══ Data extract
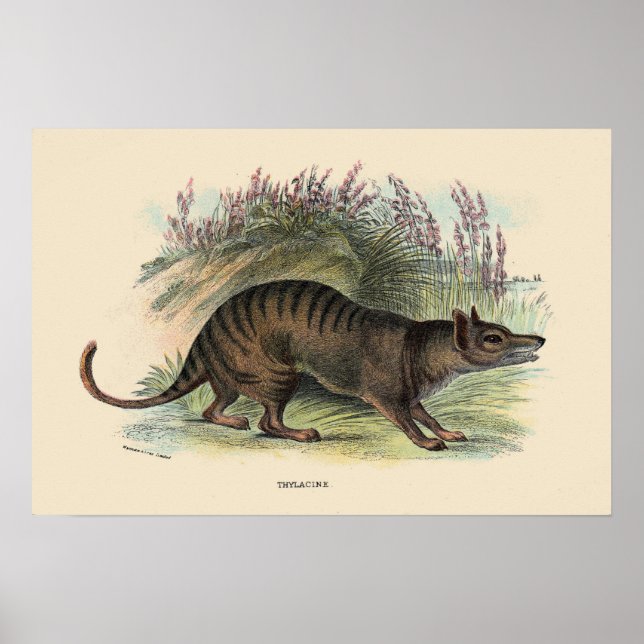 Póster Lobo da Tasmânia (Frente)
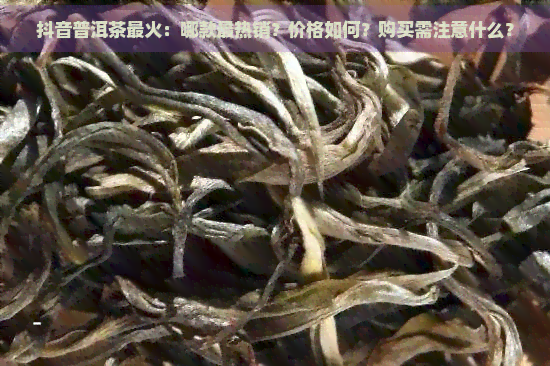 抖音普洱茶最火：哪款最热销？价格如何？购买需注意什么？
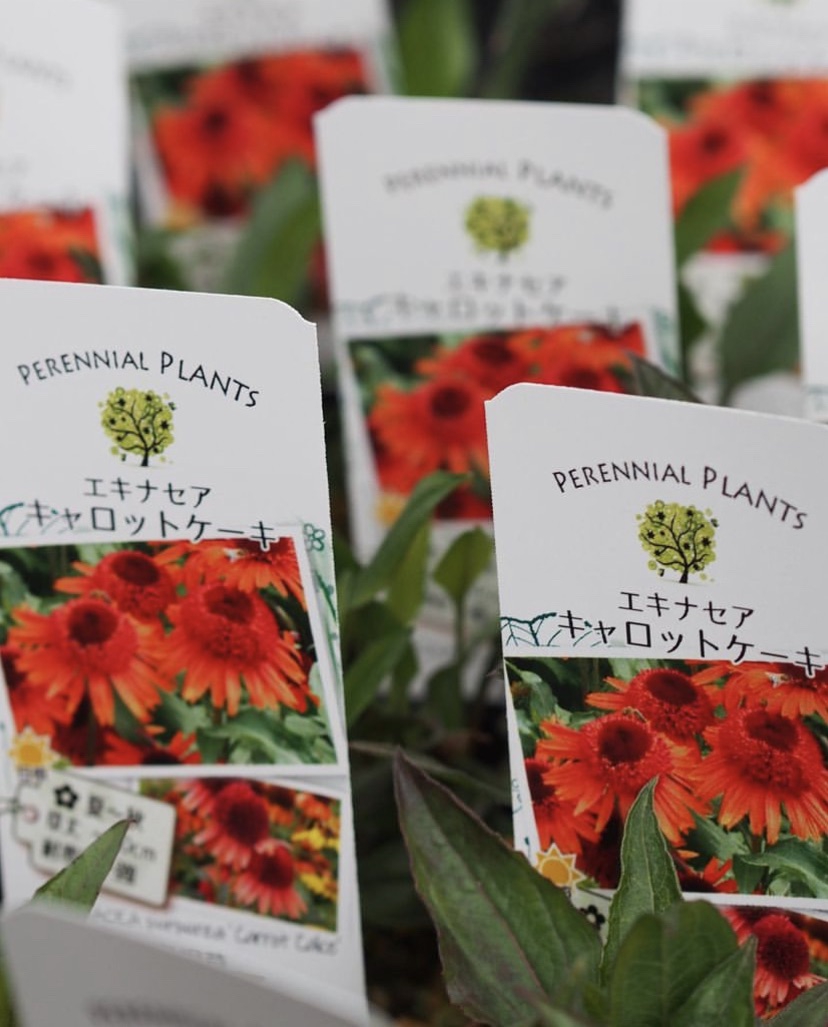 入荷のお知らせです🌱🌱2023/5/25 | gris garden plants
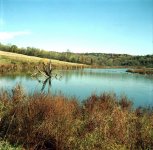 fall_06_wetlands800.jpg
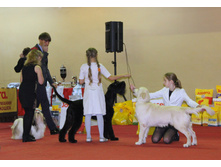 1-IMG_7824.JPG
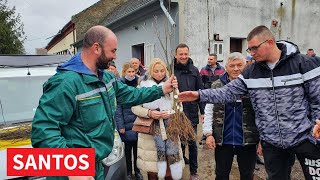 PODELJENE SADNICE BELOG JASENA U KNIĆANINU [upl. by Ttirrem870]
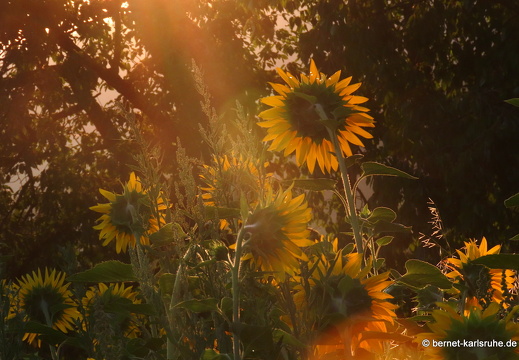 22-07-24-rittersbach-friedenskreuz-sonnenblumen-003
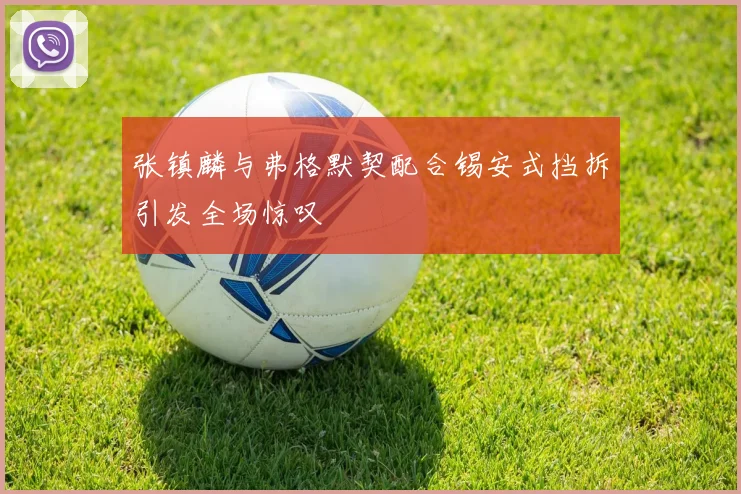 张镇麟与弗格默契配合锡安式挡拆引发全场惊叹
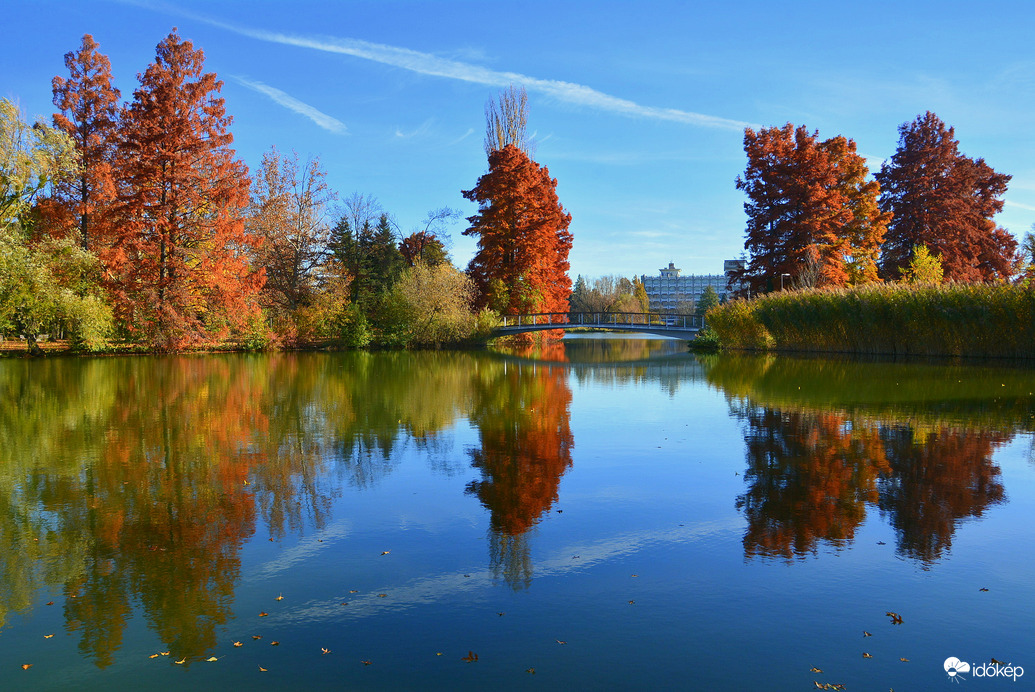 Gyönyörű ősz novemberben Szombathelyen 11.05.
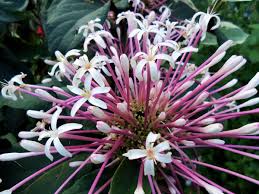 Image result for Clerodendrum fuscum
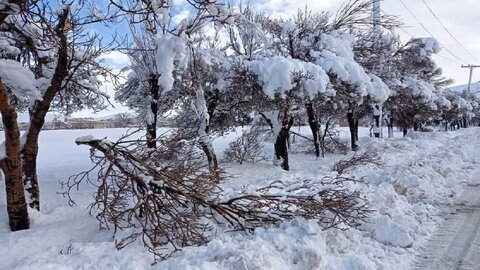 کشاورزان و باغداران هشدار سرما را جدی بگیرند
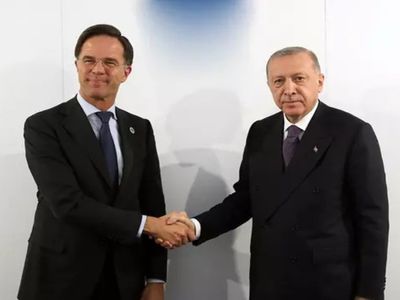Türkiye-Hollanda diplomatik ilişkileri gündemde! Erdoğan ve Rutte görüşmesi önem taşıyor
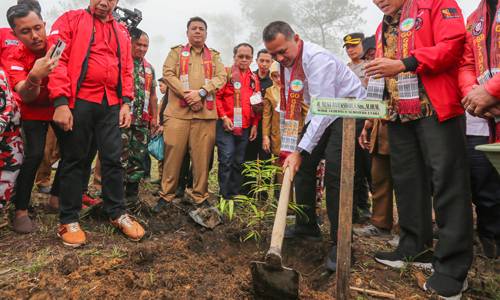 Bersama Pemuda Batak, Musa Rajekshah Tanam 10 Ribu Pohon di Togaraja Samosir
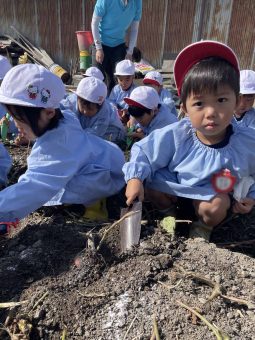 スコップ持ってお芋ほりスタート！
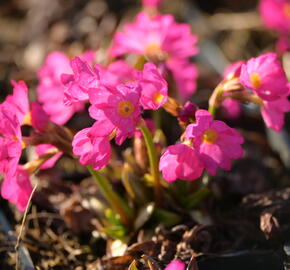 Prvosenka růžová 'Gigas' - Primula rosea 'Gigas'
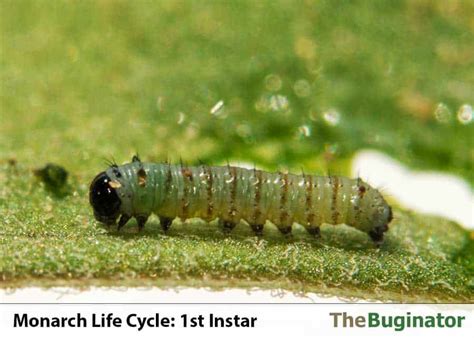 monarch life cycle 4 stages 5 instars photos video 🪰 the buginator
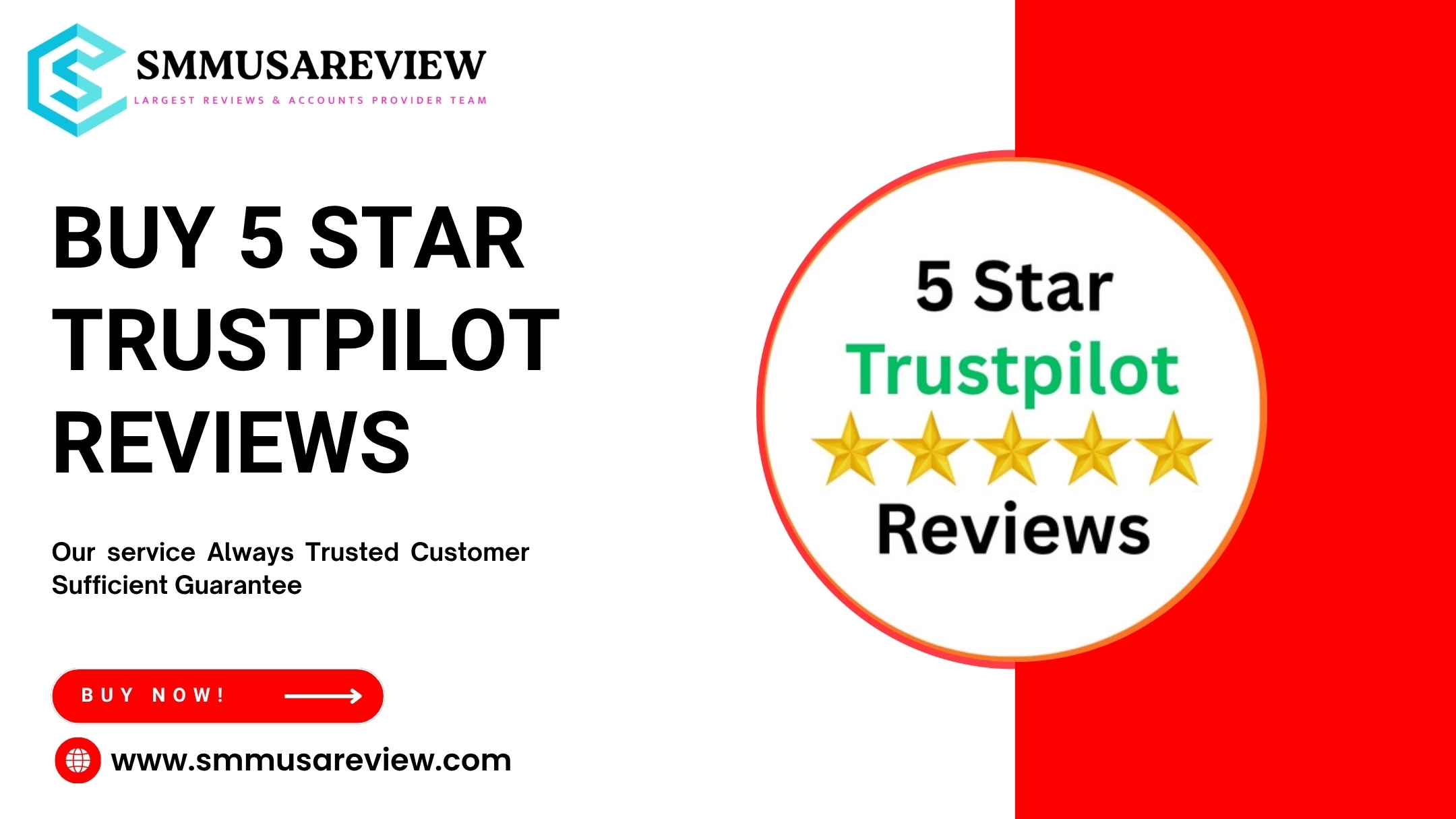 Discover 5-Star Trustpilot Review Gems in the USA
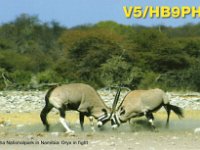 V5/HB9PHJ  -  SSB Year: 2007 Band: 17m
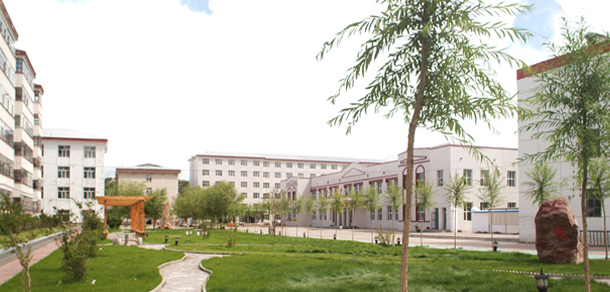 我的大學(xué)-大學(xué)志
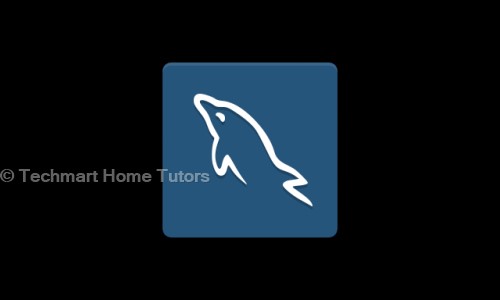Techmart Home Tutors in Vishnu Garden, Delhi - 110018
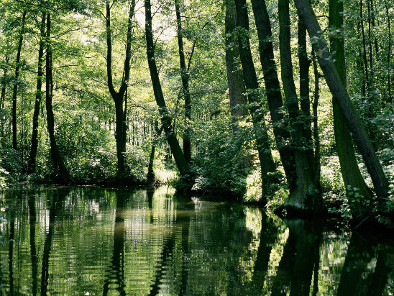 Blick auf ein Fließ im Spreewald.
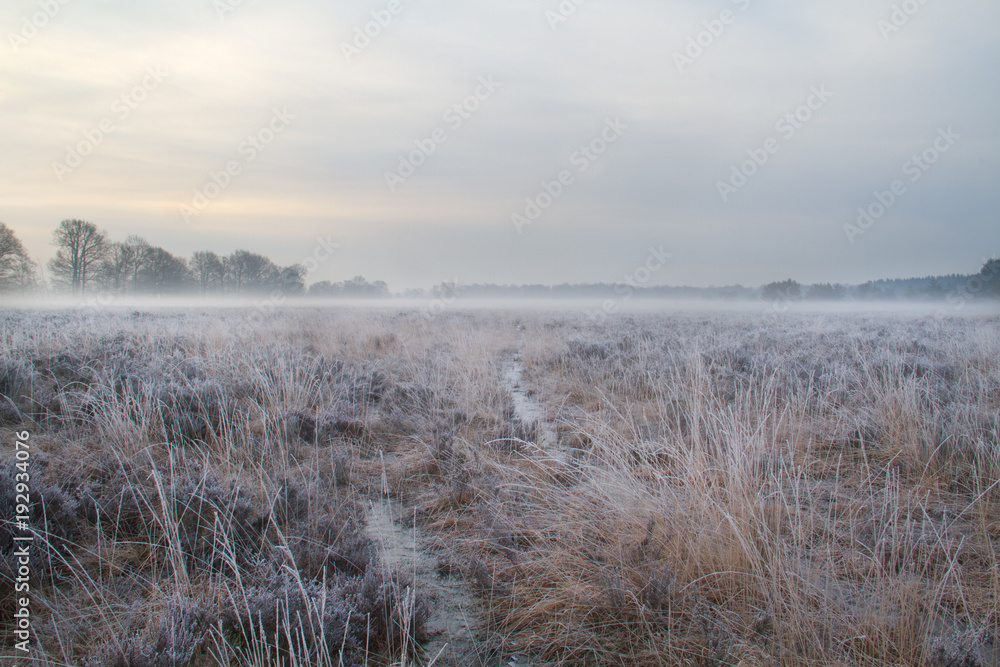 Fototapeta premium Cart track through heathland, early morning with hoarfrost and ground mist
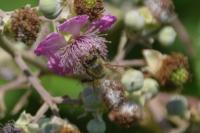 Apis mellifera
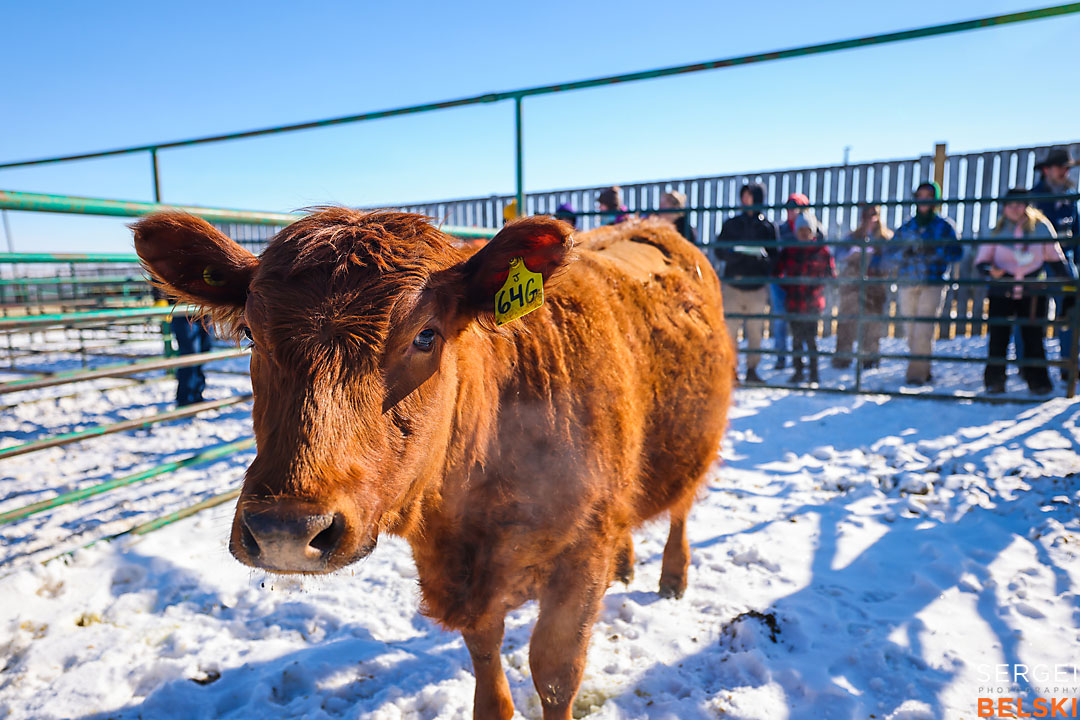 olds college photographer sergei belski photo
════
Could you repeat, exactly and with nothing else, the lines from the first line of the records through the line containing "2007 Band: 17m"? Leave out the pictures.

 Póster Lobo da Tasmânia (Frente)
 抖音普洱茶最火：哪款最热销？价格如何？购买需注意什么？
 入荷のお知らせです🌱🌱2023/5/25 | gris garden plants
 fall_06_wetlands800.jpg
 1-IMG_7824.JPG
 PODELJENE SADNICE BELOG JASENA U KNIĆANINU [upl. by Ttirrem870]
 22-07-24-rittersbach-friedenskreuz-sonnenblumen-003
 张镇麟与弗格默契配合锡安式挡拆引发全场惊叹
 Gyönyörű ősz novemberben Szombathelyen 11.05.
 Image result for Clerodendrum fuscum
 کشاورزان و باغداران هشدار سرما را جدی بگیرند
Türkiye-Hollanda diplomatik ilişkileri gündemde! Erdoğan ve Rutte görüşmesi önem taşıyor
 Bersama Pemuda Batak, Musa Rajekshah Tanam 10 Ribu Pohon di Togaraja Samosir
 スコップ持ってお芋ほりスタート！
 Prvosenka růžová 'Gigas' - Primula rosea 'Gigas'
 monarch life cycle 4 stages 5 instars photos video 🪰 the buginator
 Discover 5-Star Trustpilot Review Gems in the USA
 V5/HB9PHJ  -  SSB Year: 2007 Band: 17m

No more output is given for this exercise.